JIRA: KNOX-1623
Introduction
KnoxShell Kerberos support should be available in Apache Knox 1.3.0. KnoxShell is a Apache Knox module that has scripting support to talk to Apache Knox, more details on setting up KnoxShell can be found in this blog post. With kerberos support now we can use cached tickets or keytabs to authenticate with a secure (Kerberos enabled) topology in Apache Knox. This blog demonstrates examples of how this can be achieved.
Prerequisite
- In order to get started, download and setup KnoxShell , setup instructions.
- Configure Apache Knox to use Hadoop Auth, setup instructions.
Make sure to test by sending a curl request through Knox
curl -k -i --negotiate -u : "https://{knoxhost}:{knoxport}/gateway/sandbox/webhdfs/v1/tmp?op=LISTSTATUS”
Kerberos Authentication
Following is the methods that can be used to initialize a session in Knox Shell
session = KnoxSession.kerberosLogin(url, jaasConfig, krb5Conf, debug)
Where:
- url is the gateway url
jaasConfig is jaas configuration (optional)
krb5Conf krb5 config file (optional)
debug turn on debug statements (optional)
or
session = KnoxSession.kerberosLogin(url)
where:
- url is the gateway url
- Default jaasConfig is used which looks for cached token on an OS specific path
- Looks for krb5 conf file at default location
- debug is false
Example
Following is an example groovy script to talk to Kerberos enabled cluster fronted by Apache Knox using Hadoop Auth
import groovy.json.JsonSlurper import org.apache.knox.gateway.shell.KnoxSession import org.apache.knox.gateway.shell.hdfs.Hdfs import org.apache.knox.gateway.shell.Credentials gateway = "https://gateway-site:8443/gateway/secure" session = KnoxSession.kerberosLogin(gateway) text = Hdfs.ls( session ).dir( "/" ).now().string json = (new JsonSlurper()).parseText( text ) println json.FileStatuses.FileStatus.pathSuffix session.shutdown()
Following is an example of relevant parts of "secure" topology
<provider> <role>authentication</role> <name>HadoopAuth</name> <enabled>true</enabled> <param> <name>config.prefix</name> <value>hadoop.auth.config</value> </param> <param> <name>hadoop.auth.config.signature.secret</name> <value>some-secret</value> </param> <param> <name>hadoop.auth.config.type</name> <value>kerberos</value> </param> <param> <name>hadoop.auth.config.simple.anonymous.allowed</name> <value>false</value> </param> <param> <name>hadoop.auth.config.token.validity</name> <value>1800</value> </param> <param> <name>hadoop.auth.config.cookie.domain</name> <!-- Cookie domain for your site --> <value>your.site</value> </param> <param> <name>hadoop.auth.config.cookie.path</name> <!-- Topology path --> <value>gateway/secure</value> </param> <param> <name>hadoop.auth.config.kerberos.principal</name> <value>HTTP/your.site@EXAMPLE.COM</value> </param> <param> <name>hadoop.auth.config.kerberos.keytab</name> <value>/etc/security/keytabs/spnego.service.keytab</value> </param> <param> <name>hadoop.auth.config.kerberos.name.rules</name> <value>DEFAULT</value> </param> </provider>
Now we kinit and then run the groovy script.

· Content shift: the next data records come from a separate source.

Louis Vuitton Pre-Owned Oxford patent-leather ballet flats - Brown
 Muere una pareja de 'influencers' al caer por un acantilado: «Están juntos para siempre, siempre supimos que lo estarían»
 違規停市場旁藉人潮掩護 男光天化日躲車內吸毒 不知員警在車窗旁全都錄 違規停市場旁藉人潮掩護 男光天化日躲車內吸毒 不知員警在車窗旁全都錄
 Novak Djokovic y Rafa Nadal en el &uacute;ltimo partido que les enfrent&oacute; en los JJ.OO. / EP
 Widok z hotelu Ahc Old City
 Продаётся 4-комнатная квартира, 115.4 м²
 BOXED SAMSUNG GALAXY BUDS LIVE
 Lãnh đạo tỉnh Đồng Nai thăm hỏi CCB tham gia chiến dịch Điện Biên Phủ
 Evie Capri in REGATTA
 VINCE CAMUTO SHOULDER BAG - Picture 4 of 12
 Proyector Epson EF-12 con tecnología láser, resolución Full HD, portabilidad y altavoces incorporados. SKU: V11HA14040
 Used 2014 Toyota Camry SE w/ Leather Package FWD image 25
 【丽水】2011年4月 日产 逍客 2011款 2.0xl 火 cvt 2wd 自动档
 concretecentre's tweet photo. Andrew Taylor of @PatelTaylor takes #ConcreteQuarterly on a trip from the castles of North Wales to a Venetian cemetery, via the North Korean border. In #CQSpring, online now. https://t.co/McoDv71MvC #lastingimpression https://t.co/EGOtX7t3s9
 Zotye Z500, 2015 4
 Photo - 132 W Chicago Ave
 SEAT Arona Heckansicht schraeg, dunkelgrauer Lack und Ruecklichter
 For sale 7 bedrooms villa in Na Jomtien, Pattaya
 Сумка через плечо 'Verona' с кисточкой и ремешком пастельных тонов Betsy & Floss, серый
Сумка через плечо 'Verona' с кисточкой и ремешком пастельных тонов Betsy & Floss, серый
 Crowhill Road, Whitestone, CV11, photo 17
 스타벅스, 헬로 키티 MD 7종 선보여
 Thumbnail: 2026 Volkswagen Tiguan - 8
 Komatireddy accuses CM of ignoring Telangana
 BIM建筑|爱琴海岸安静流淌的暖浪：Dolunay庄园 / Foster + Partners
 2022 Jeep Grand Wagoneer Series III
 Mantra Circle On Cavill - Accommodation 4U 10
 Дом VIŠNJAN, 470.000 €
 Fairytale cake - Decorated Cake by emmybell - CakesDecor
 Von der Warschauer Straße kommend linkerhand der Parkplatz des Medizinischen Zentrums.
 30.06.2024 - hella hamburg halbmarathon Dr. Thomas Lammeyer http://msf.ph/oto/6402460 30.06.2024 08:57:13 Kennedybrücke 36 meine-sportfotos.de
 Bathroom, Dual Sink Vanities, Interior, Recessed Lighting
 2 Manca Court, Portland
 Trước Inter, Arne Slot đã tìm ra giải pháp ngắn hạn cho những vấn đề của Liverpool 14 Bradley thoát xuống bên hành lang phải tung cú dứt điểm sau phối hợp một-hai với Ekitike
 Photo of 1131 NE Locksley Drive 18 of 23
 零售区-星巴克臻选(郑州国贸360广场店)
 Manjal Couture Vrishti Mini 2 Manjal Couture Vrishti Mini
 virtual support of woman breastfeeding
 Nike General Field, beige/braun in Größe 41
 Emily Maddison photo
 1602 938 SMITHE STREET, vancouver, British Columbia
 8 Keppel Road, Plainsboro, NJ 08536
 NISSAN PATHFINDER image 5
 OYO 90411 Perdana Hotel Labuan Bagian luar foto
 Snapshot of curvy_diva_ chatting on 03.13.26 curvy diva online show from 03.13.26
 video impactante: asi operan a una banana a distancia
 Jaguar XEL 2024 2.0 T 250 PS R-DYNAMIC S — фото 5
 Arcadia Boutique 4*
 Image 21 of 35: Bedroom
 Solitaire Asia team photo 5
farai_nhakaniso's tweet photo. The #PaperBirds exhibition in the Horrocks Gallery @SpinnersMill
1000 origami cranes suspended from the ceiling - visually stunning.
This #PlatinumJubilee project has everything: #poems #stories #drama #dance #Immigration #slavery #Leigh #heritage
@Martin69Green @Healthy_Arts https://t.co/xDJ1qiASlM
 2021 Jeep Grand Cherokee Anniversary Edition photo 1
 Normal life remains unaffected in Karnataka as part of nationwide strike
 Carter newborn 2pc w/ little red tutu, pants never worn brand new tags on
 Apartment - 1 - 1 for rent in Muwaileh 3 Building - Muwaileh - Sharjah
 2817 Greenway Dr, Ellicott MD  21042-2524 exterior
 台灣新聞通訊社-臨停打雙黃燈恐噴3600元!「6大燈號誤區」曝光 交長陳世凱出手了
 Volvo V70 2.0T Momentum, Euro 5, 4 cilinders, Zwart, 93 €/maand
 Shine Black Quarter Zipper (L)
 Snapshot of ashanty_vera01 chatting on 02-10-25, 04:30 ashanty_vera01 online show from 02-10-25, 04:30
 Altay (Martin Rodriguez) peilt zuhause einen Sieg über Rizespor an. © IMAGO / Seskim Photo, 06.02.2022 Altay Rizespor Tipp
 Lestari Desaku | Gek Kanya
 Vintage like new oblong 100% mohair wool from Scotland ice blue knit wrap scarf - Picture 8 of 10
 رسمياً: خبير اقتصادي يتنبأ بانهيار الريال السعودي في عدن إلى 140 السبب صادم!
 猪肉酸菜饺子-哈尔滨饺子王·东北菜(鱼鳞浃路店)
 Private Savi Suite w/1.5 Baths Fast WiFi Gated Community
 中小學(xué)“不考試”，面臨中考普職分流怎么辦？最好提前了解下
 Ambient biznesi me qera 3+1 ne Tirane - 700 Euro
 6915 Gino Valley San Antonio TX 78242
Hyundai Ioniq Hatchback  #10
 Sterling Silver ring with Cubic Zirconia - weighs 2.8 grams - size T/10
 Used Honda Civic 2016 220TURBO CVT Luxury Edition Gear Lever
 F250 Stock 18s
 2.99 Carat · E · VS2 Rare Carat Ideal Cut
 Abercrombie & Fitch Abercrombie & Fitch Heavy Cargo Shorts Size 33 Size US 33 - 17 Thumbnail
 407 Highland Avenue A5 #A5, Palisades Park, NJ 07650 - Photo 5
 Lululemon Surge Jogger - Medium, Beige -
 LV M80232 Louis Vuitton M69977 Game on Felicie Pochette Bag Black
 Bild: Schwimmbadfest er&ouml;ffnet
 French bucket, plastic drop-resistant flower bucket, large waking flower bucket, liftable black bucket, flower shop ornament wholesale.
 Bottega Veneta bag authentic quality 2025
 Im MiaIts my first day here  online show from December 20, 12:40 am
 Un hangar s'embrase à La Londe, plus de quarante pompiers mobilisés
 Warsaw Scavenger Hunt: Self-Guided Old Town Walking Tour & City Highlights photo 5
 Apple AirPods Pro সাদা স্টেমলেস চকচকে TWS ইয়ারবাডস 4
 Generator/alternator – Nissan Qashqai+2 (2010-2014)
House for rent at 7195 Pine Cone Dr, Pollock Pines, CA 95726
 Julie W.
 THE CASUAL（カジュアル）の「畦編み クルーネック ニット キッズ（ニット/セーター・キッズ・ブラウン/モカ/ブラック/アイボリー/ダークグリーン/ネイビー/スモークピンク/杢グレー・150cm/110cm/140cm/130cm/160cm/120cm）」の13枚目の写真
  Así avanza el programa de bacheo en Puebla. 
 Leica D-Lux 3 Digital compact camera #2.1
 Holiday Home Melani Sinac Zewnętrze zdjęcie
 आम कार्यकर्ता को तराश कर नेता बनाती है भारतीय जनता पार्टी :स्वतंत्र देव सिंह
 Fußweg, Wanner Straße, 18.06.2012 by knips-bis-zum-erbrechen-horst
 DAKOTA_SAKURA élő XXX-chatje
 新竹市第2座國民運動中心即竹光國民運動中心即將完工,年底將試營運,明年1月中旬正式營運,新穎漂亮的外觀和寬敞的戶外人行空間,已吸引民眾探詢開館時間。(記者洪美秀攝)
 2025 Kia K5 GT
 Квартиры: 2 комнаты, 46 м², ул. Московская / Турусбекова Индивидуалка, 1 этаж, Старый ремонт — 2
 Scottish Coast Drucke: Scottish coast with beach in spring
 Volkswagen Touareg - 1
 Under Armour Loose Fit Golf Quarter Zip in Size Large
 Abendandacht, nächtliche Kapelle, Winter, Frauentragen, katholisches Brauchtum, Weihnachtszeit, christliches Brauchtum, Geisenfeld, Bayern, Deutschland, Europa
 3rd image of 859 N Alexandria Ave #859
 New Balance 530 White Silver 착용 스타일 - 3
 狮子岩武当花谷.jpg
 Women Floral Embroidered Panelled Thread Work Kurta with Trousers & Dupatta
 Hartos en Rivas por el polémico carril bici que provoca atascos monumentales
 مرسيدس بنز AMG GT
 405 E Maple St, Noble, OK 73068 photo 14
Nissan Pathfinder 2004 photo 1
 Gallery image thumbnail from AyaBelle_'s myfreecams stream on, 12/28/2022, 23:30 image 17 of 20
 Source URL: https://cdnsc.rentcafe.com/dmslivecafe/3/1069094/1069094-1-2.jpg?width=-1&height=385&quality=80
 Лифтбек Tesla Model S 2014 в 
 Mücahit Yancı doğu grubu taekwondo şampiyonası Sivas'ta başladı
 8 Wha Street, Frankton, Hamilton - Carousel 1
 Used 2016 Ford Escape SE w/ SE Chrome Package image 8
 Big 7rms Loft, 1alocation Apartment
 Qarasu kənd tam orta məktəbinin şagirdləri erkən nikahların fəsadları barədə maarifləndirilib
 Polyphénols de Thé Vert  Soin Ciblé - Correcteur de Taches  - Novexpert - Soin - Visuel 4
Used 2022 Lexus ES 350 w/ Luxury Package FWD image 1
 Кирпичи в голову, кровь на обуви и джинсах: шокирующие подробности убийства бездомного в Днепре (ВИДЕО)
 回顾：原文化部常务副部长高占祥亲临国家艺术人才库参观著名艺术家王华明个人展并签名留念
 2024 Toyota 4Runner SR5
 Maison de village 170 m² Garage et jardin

Note on credential cache location: Credential cache location for macos is in-memory which means the credentials are held in memory and not written on disk. KnoxShell unfortunately does not have access to in-memory cache so -c FILE:<cache location> option should be used while doing a kinit.
The following ticket cache location is specific for my machine, it may or may not be same in your case.
kinit -c FILE:/tmp/krb5cc_502 admin/your.site@EXAMPLE.COM
Next we just invoke the groovy script using KnoxShell
bin/knoxshell.sh samples/ExampleWebHdfsLs.groovy
If everything is setup properly you should see HDFS LS output.